= Ministerial Diary Secretary =

Role in the private office of United Kingdom government ministers

The Ministerial Diary Secretary or simply Diary Secretary or Diary Manager is a role in the private office of United Kingdom government ministers. The role involves organising a Minister's calendar of meetings and visits and sometimes arranging associated written briefing from relevant officials. The role is differentiated from (and more junior than) a Private Secretary, who is responsible for policy support to the Minister and management of the Private Office.
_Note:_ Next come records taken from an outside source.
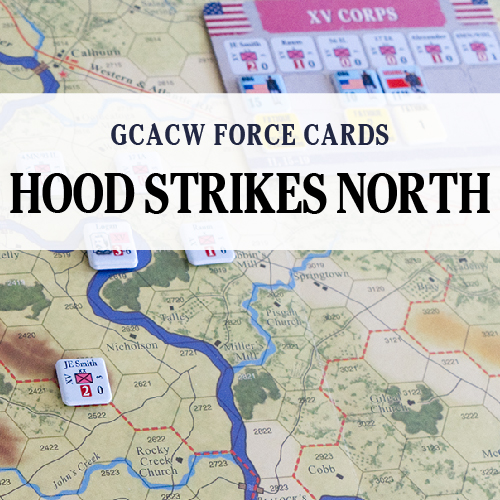 Hood Strikes North (GCACW): Force Cards
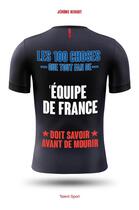 Couverture du livre « Les 100 choses que tout fan de l'équipe de France doit savoir avant de mourir » de Jerome Bergot aux éditions Talent Sport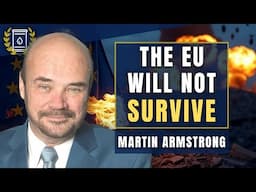'The EU is DONE' - Ukraine Will Be Wiped Off Map as Neocons FAIL: Martin Armstrong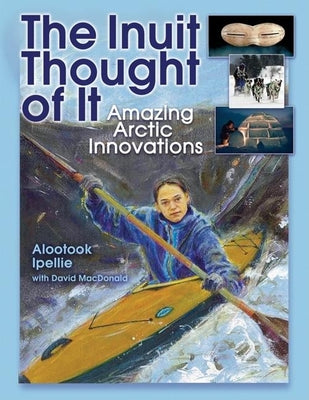 The Inuit Thought of It: Amazing Arctic Innovations by Ipellie, Alootook
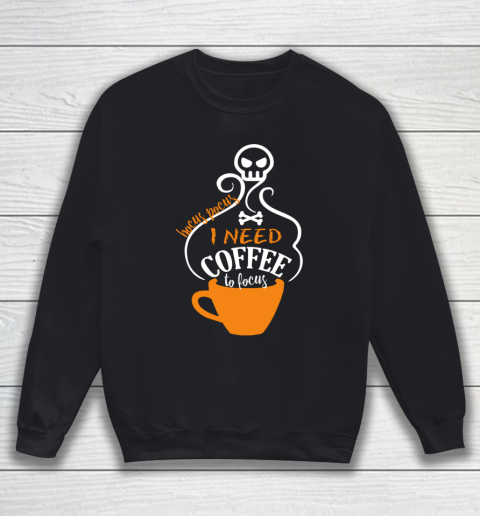 Cute Halloween Funny Gift Hocus Pocus I Need Coffee To Focus Sweatshirt
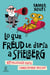 Lo que Freud le diría a Spielberg - 47 películas para conocernos mejor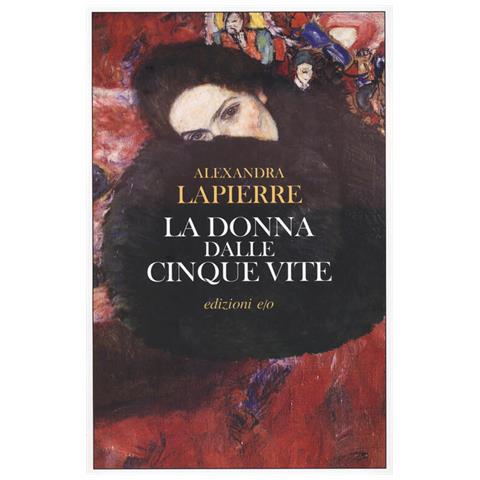 Alexandra Lapierre - La Donna Dalle Cinque Vite - Foto 2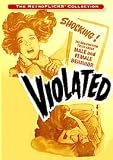 Violated & The Connection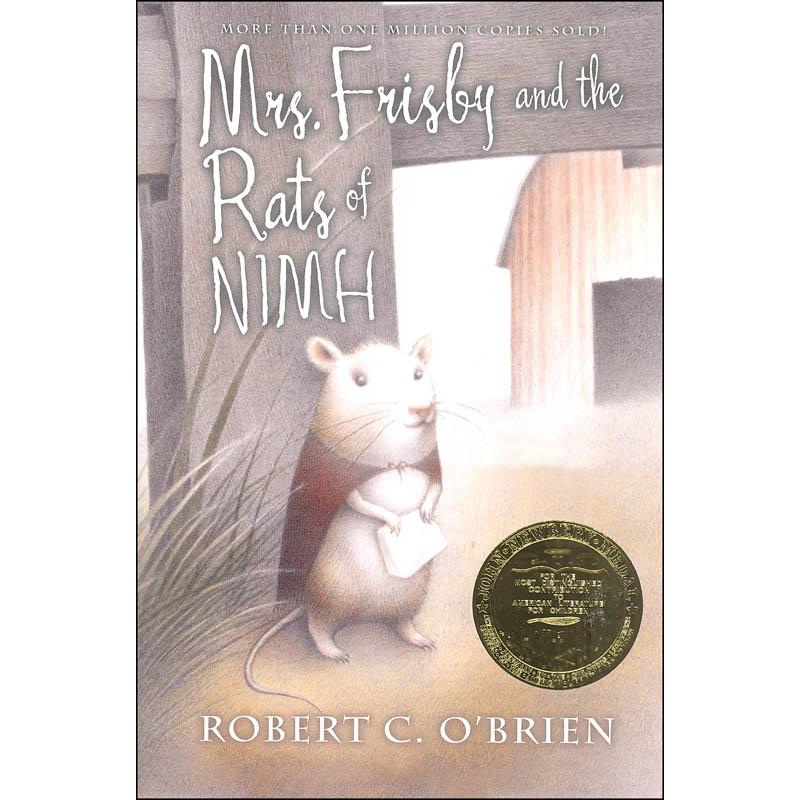 Mrs Frisby and the Rats of NIMH By Robert C. O’Brain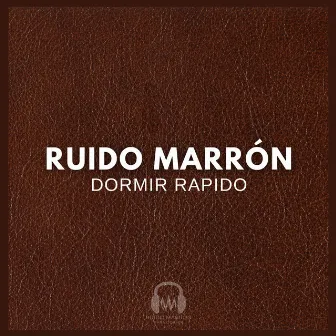 Ruido Marrón: Dormir Rapido by Ruido Marrón Para Dormir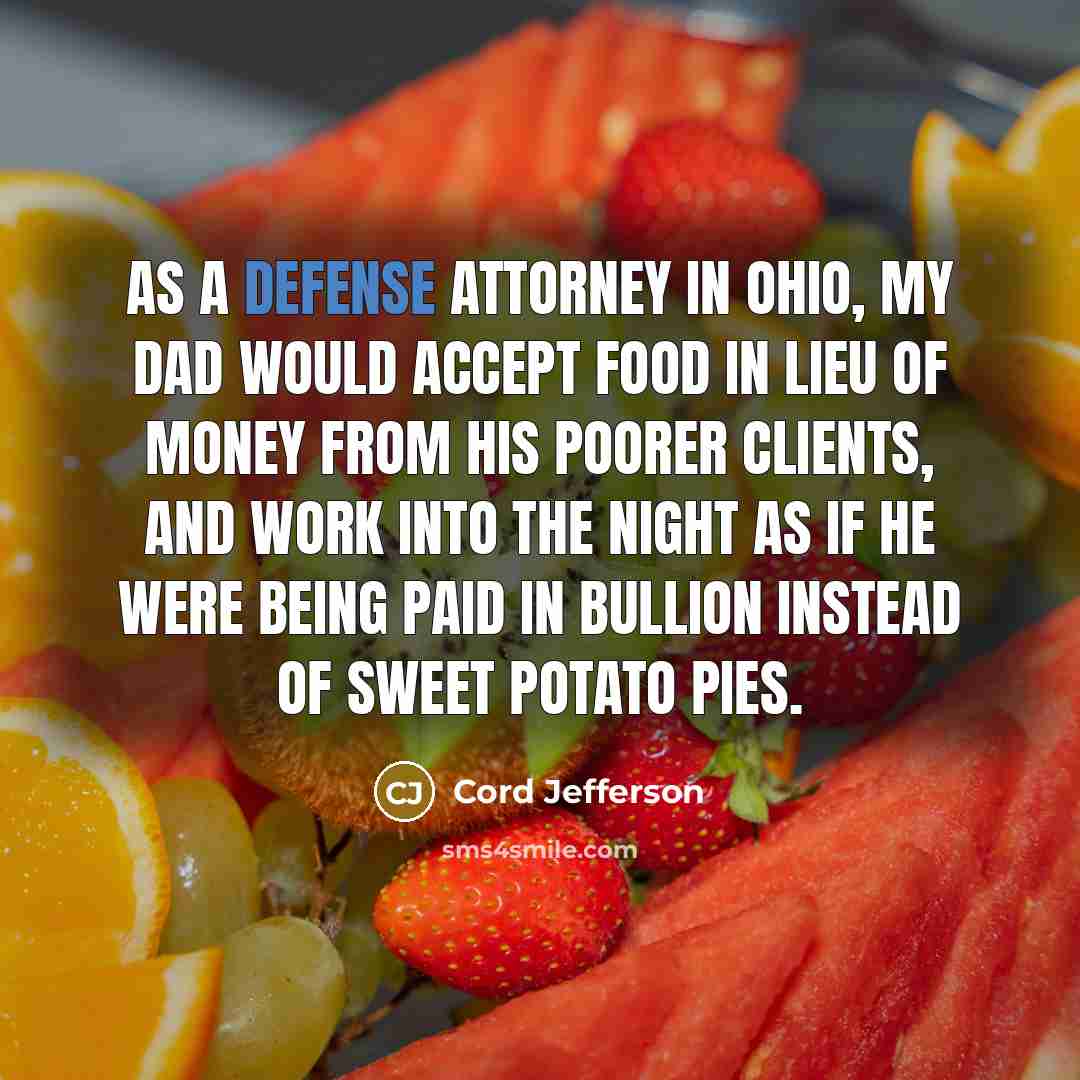 “As a defense attorney in Ohio, my dad would accept…” quote by Cord Jefferson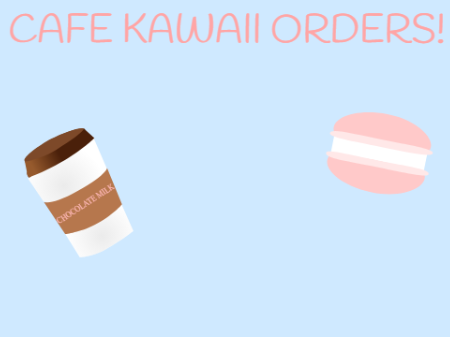 Kawaii Cafe orders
Key aspects of the role include:
- Diary Management The diary secretary provides a comprehensive diary management service to the Minister. This includes organizing meetings and making travel arrangements when required. They must exercise sound judgment and flexibility when managing potential diary conflicts in a tactful and sensitive manner.
- Coordination and Communication Diary Secretaries attend regular meetings to coordinate diaries, agree on priorities, and monitor workloads. They copy the diary and itineraries to everyone who needs to know, ensuring errors and problems are spotted quickly.
- Information Management They ensure the Minister is shown all important invitations. The diary secretary also keeps a file on each engagement, recording what was communicated to the Minister and officials, and what was agreed upon.
- Distribution of Information The Diary Secretary prepares and circulates a daily diary to relevant individuals, including Ministers, special advisors, the Minister's spouse, and other key personnel.
- Additional Support They work as part of the Private Office team, providing support to the wider office through flexible and effective teamwork. This can include supporting the Private Secretary and handling Freedom of Information requests.
- Considerations for the Minister The Diary Secretary should be aware of the pressures on a Minister's time, including Parliament, constituency, political career, family, and departmental duties. They should prioritize invitations and meetings that will help the Minister pursue their policies.